Karl lets out a small huff and stands, although I can tell he’s trying not to act too impressed. He steps up to the counter and stabs the fork into the pasta, then lifts it to his mouth and takes a hesitant bite.

His eyes widen, his face softening in a way I’ve never seen before as he slowly chews the food, raising his hand to cover his mouth. “Oh my god. That's—That’s incredible.”

John goes next, and his reaction is just as intense. “Excuse the language, but holy shit, man. That’s the best thing I’ve ever tasted. Abby, you’ve gotta try this.”

I’m last, and as I step up to the counter, for some reason my heart is pounding.

“Go on, Miss Abby,” Anton says, his voice soft, noticing my trepidation. “I think you’ll like it the most.”

The moment the flavors hit my tongue, I’m transported to another world. It’s as if all of the elements—the truffles, the garlic, the wine—have combined into something transcendent, something almost magical.

I look up to find Anton watching me, a knowing smile on his face. It’s only now that I realize that there are tears in my eyes, and I quickly blink them away.

“That’s… That’s…” My voice trails off. There are no words to describe it; it’s just delicious, perfect and homey, like something that your mother would cook on a cold and rainy day. That’s what it feels like. Like love and warmth.

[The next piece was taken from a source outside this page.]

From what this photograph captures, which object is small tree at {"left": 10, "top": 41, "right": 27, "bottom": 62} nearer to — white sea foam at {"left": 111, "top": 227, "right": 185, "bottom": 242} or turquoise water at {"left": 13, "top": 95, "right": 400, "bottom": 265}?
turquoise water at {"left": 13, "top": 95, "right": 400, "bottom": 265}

“See? Told you I knew what I was doing,” he says, setting the pan down and wiping his hands.

I’m speechless, floored by the sheer talent this man possesses. “Anton, you have to teach me how to cook like that. Will you? Please?”

Anton’s eyes narrow, but not in a menacing way. More like he’s contemplating something, deciding how much to reveal. Finally, he speaks.

“Alright, I will teach you, Abby. But you should know—everything comes at a price.”